Let me try to explain: The attached "file1_test.gdt" holds unbalanced
data for 4 panel units, while "file2_test.gdt" holds data for 5 panel
units. The overall time dimension for both is the same. With the 1st
dataset loaded, when I append the 2nd dataset (simple 'append', no
'join' or whatever), gretl does that without any complaints.
But suppose that the 4 panel units in file1 do _not_ correspond to the
first 4 units in file2. This is something that can easily happen in real
life.
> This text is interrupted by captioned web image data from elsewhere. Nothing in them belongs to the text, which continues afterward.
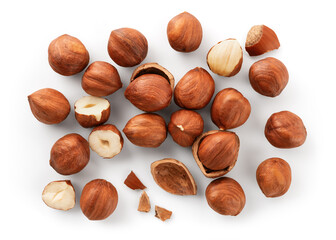 Hazelnut isolated. Hazelnuts on white background. Hazelnut background top view. Full depth of field.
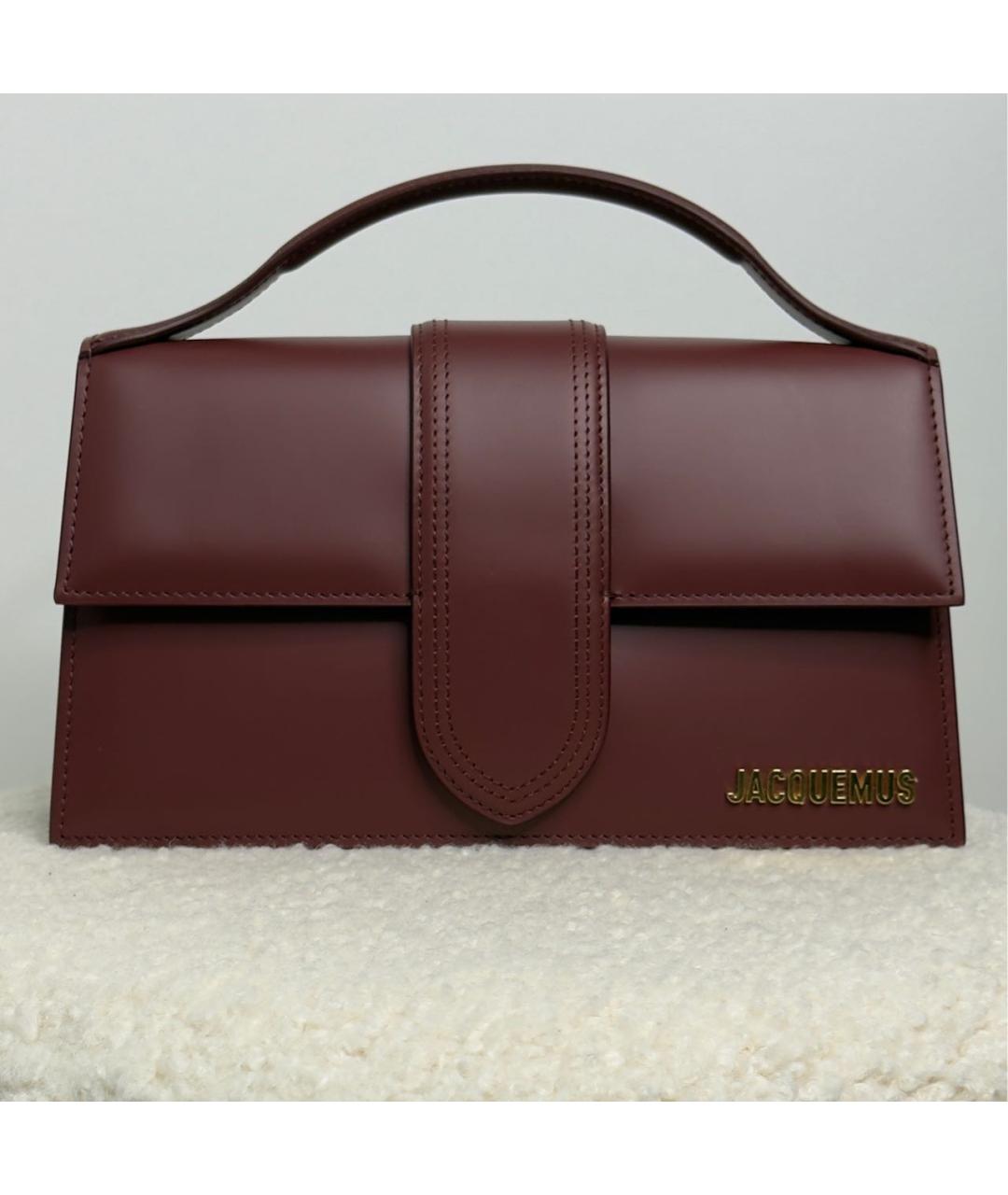 JACQUEMUS Бордовая кожаная сумка с короткими ручками, фото 9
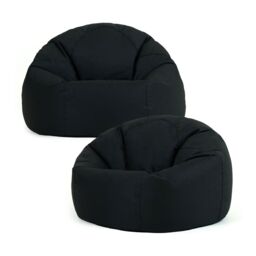 icon Classic Indoor Outdoor Bean Bag Khaki Bean Bag Chair Pack of 2 in Black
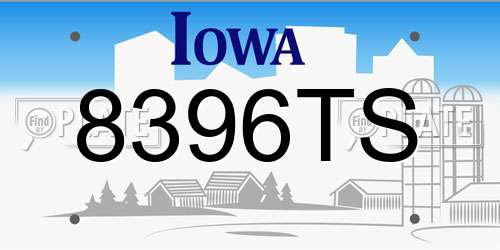 8396TS Iowa License Plate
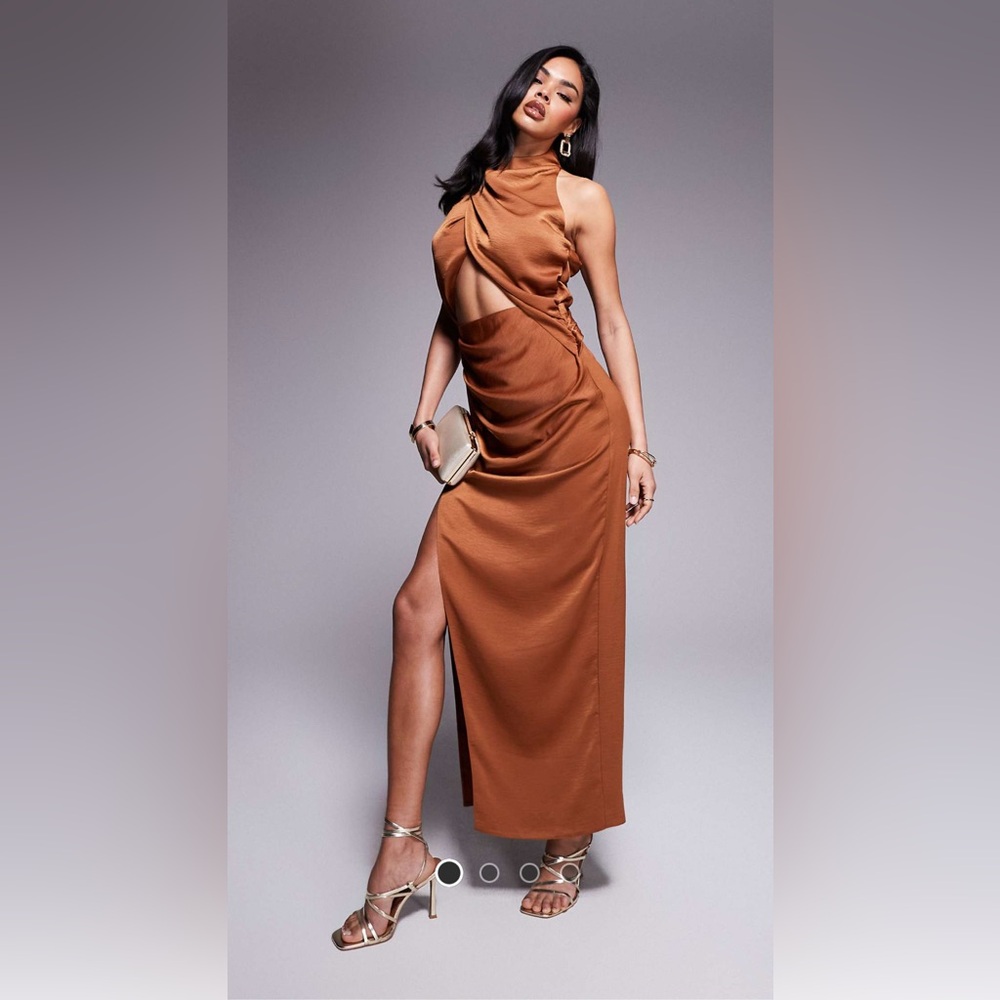Asos high neck Midaxi dress with cutout in rust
So the append operation doesn't get the matching right.
In addition, I tried a variation where the two panel data structures
were defined properly with panel index variables that had no missings.
Still, 'append' doesn't care about that, always just referring to the
internal but separate unit index numbering.
Yes, I'm aware that I can get the desired result using 'join', that's
not the point.
The point is about the following claim from the 'append' function
reference: "In the case of adding series, compatibility requires either
(a) that the number of observations for the new data equals that for the
current data, or (b) that the new data carries clear observation
information so that gretl can work out how to place the values." -- In
my example, condition (a) is clearly not the case, and I'd argue that
condition (b) is either violated as well, or that the
panel-index-variable information is ignored by 'append'. Perhaps
'append' should refuse to proceed in my example case, or it should ask
the user, or it should make use of the panel index variables, but
arguably it should not use the arbitrary internal unit numbers.
I hope that the problem description was clear enough!
I'm curious what your reactions and answers will be, thanks
sven